Provided that the director interested in seeking such approval shall not take part in the proceedings of the approval of the facility;

(2)                                     No NBFC shall allow unsecured facilities or facilities that are not backed by bank guarantees. Provided that the bank providing the guarantee shall have a minimum investment grade credit rating.

(3)                                     No NBFC shall allow facilities on the guarantee of its chief executive, directors and major shareholders including their spouses, parents and children or to firms and companies in which they are interested as partners, directors or major shareholders of that concern.

(4)                                     No NBFC shall allow facilities for speculative purposes.

(5)                 No NBFC other than the NBFC licensed by the SEC to undertake housing finance services shall hold or trade in real estate except that in use of the NBFC itself. Property acquired from a borrower/lessee in consequence of his failing to meet his obligations to NBFC would be exempt from this regulation.

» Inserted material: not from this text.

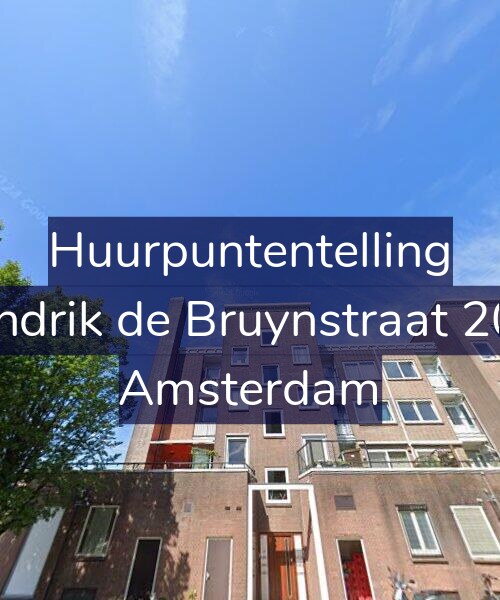 Foto gevel Huurpuntentelling voor Hendrik de Bruynstraat 20-2, Amsterdam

(6)                 The facilities extended by NBFCs to their directors, major shareholders, employees and family members of these persons shall be at arms length basis and on normal terms and conditions applicable for other customers of the NBFCs. The NBFCs shall ensure that the appraisal standards are not compromised in such cases and market rates are used for these persons. The facilities extended to the employees of the NBFCs as a part of their compensation package under Employees Service Rules shall not fall in this category.